À reportagem, ele critica Marcelo Freixo, que em 2008 presidiu uma CPI sobre o tema que resultou no indiciamento de mais de 200 pessoas, além de levar à prisão vereadores e um deputado.
“Ele não entende disso e nunca parou para discutir esse assunto comigo”, diz. “Não existe mal menor, a milícia tem que ser combatida. Mas se você não entende a origem dela, vai combater errado.”
Freixo, por sua vez, criticou Garotinho durante toda a campanha e defende que o apoio do político a Crivella “não pode vir de graça, sem contrapartida”.
[b]Rosinha Garotinho[/b]
Há mais de dez anos, o ex-radialista exerce uma faceta de analista político em seu blog, onde comenta governos e partidos, acusa rivais e se defende de revezes – como a derrota de seu candidato à prefeitura de Campos dos Goytacazes, seu principal reduto eleitoral.
“O resultado da eleição não foi o que de fato aconteceu. Ali tem fraude e a coisa não é pequena. Mais do que isso eu não posso falar”, diz.
Sua esposa, Rosinha, eleita governadora do Rio após sua gestão, em 2003, enfrenta um processo que pode cassar seu mandato de atual prefeita de Campos por “abuso de poder político e uso indevido dos meios de comunicação”.
Para o Tribunal Regional Eleitoral, o site da prefeitura teria sido usado para favorecer a reeleição de Rosinha e seu vice, em 2012. Garotinho novamente nega ilegalidades. “Olha que loucura: caçar uma prefeita por uma matéria publicada no portal da prefeitura. Não tem sentido.
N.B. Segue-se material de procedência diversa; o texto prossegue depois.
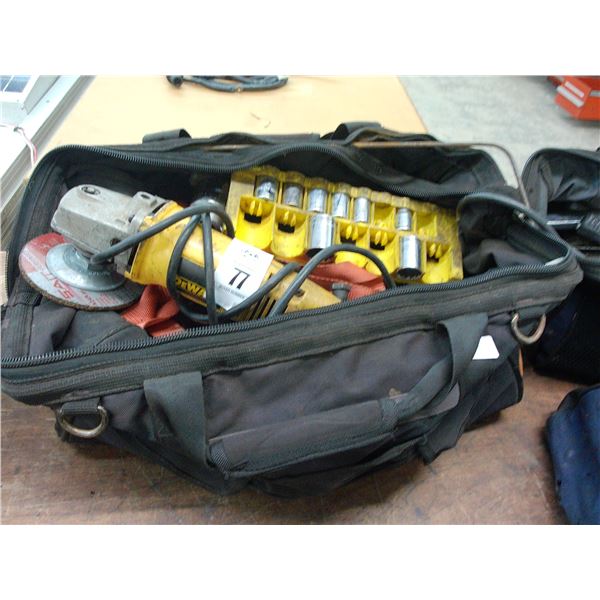 Dewalt Grinder, Air Tools, Sockets, Supplies w/Tool Bag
Isso é clara perseguição.”
Ele prefere falar sobre supostas ilegalidades e erros políticos de seus desafetos.
O político atribuiu à “arrogância” a derrota do peemedebista Eduardo Paes, que não conseguiu levar seu sucessor Pedro Paulo ao segundo turno mesmo depois da visibilidade de eventos como a Olimpíada.
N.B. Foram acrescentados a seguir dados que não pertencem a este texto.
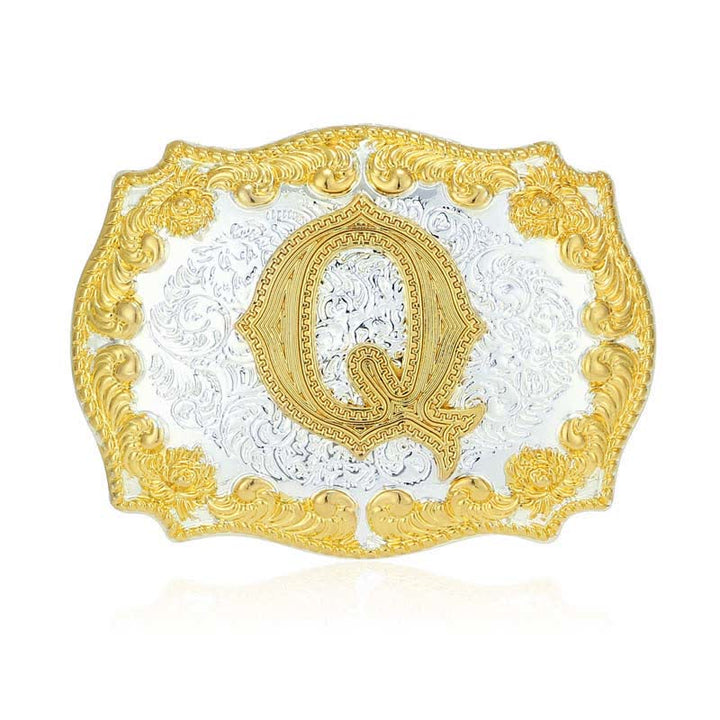 Men's DIY Golden Initial Letter Buckle Leather Belt - Q - Without Belt - image 21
“Paes perdeu pela soberba. Tem um versículo bíblico que diz que a soberba precede a queda. Tanto é assim que ele escolheu um candidato inviável. O povo perdoa um mau gestor, mas não perdoa quem bate em mulher”, diz, em referência às acusações de agressão de Pedro Paulo à então esposa – as quais ele nega veementemente.